Pictures with short captions:
****************

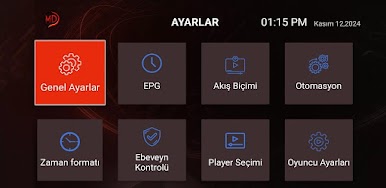 https://cdn-icon.bluestacks.com/KhW6r63kjhL1w-EC2GKee88Onu7ynm180xFeUz02qB8jftxR1zqXPwwVatT484Ig5HlADZi5BdksiKq22j_KbA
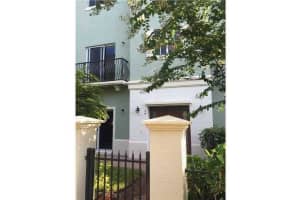 54 NW 7th St, Boca Raton, FL 33432, Sold 06/09/17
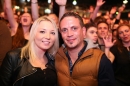 Mega-90er-Party-Villingen-Schwenningen-2017-5-6-Bodensee-Community-SEECHAT_DE-IMG_2241.JPG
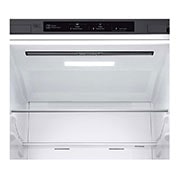 LG Lodówko-zamrażarka LG V+ 1,86m GBB71PZVGN, GBB71PZVGN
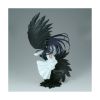 Picture of Banpresto Evolve: Overlord Empress of Darkness - Albedo Statue (34cm) (30026)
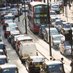 London Traffic Watch (@londontrafficw1) Twitter profile photo London Traffic Watch (@londontrafficw1) Twitter profile photo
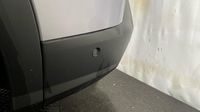 Peugeot 5008 Hybrid 145ch Allure e-DCS6 — photo 21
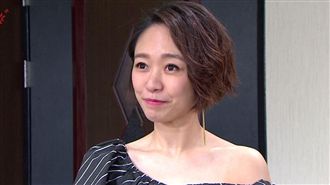 炮仔聲重量級大咖登場！竟是通靈少女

****************

HOW TO COMPLETE THIS TASK »
Transcribe, from the records above, the first line and every line after it up to and including the line with "Picture of Banpresto"; omit pictures.

SOLUTION FOR THIS TASK »
 https://cdn-icon.bluestacks.com/KhW6r63kjhL1w-EC2GKee88Onu7ynm180xFeUz02qB8jftxR1zqXPwwVatT484Ig5HlADZi5BdksiKq22j_KbA
 54 NW 7th St, Boca Raton, FL 33432, Sold 06/09/17
 Mega-90er-Party-Villingen-Schwenningen-2017-5-6-Bodensee-Community-SEECHAT_DE-IMG_2241.JPG
 LG Lodówko-zamrażarka LG V+ 1,86m GBB71PZVGN, GBB71PZVGN
 Picture of Banpresto Evolve: Overlord Empress of Darkness - Albedo Statue (34cm) (30026)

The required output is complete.